Unlike the Levellers, the Clubmen had no plans to plot a revolution. Their aims were more modest but also more down-to-earth. Above all they sought peace and prosperity, to preserve their local situation, regardless of political happenings elsewhere. Historians who dismiss the Clubmen because they had no ambitions for political change at national level are rather missing the point. They rose up, with no greater motive than the desire to protect their own hearths and homes, because national politics as a whole had failed them.
Clubmen were not unique to Wessex but Wessex is where they were concentrated and at their most sophisticated in the demands they formulated. We can rightly view them as Wessex heroes not because they had any notion of Home Rule but because they believed that national politics should serve them and not that they should serve national politics. Of all the parties for which they might have voted today, the Wessex Regionalists come closest to their ‘live and let live’ localism.
So what are the barriers to applying such a philosophy? Predominantly they are formed, still, by the national character of party politics, dented only by nationalist and unionist minorities on the fringes. That politics remains remarkably 17th century in outlook. The traditional Right is less liberal on social issues and more so on economic ones. It may have abandoned the Divine Right of Kings but its political inheritance is still a theological one: sin is to be suppressed, while wealth as proof of virtue is to be sought. The traditional Left has the opposite stance because it is more secular and scientific, more concerned with the material world than with the afterlife. Those attitudes are the ultimate fruits of an empiricism that began with the direct study of scripture in place of submission to hierarchy. Hence, the sins the Left condemns are those against equality of opportunity, not of personal behaviour. The quasi-religious language and imagery of Marxism have been exhaustively analysed. In so far as the Left are heirs to the Puritans, it should come as no surprise that their following in Wessex has never been great, except when the basics are mixed with a dash of visionary indignation that appeals across classes.

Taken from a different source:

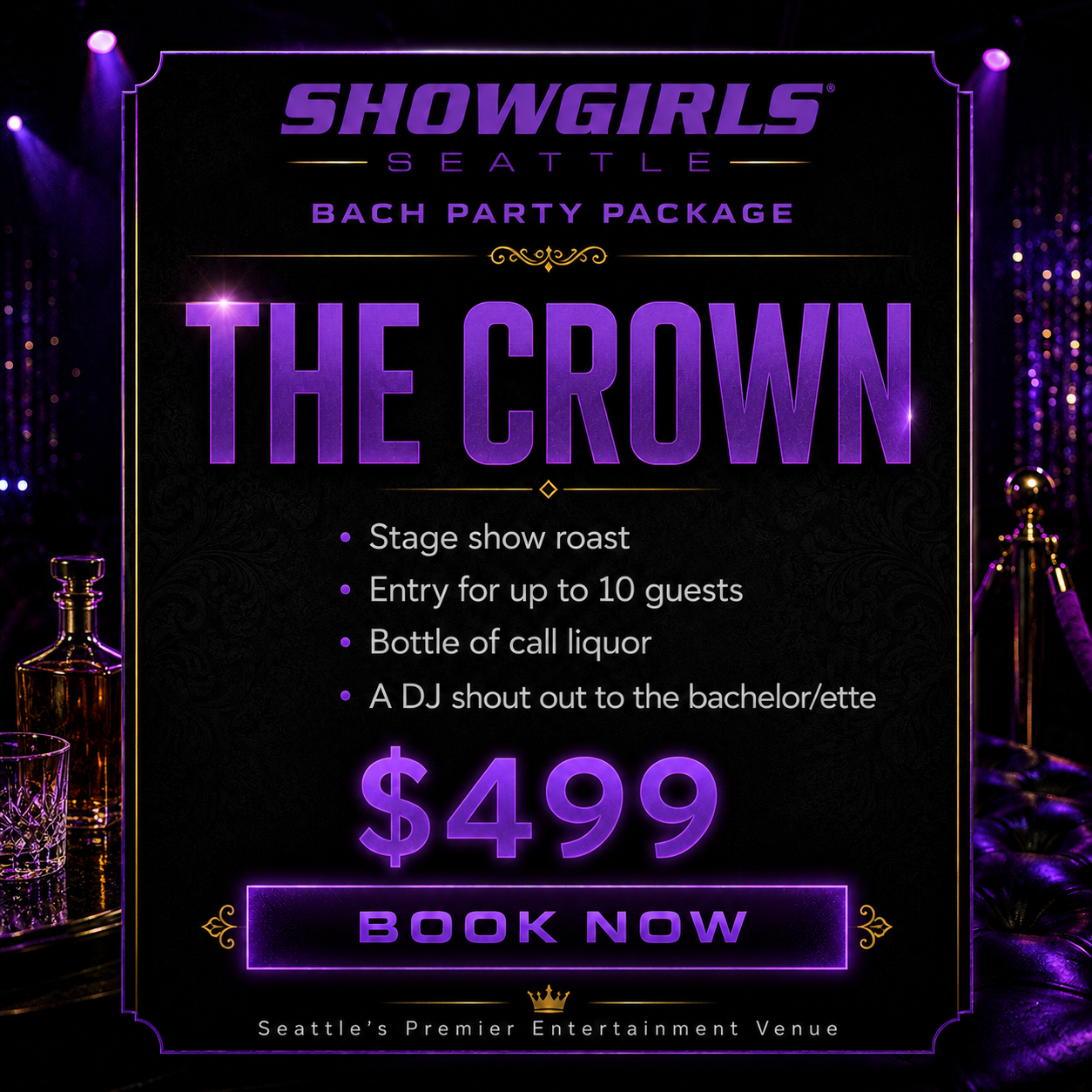 THE CROWN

The main political traditions agree that there is only one answer. Their own. Neither is comfortable with the idea that answers can vary according to time, place and circumstance. That one side of a hedge a different policy can apply than applies on the other side. Changing that stubborn refusal to live and let live is what any regionalism worthy of the name needs to be about. If throwing off the yoke of uniformity is the negative side of the piece, then the positive may well be the vague general groundswell at present in favour of co-operation and mutuality. Whatever they may claim, these objectives are all alien to the core instincts and survival chances of the London parties. Which is why they’d much rather have us all going round in circles, getting nowhere fast.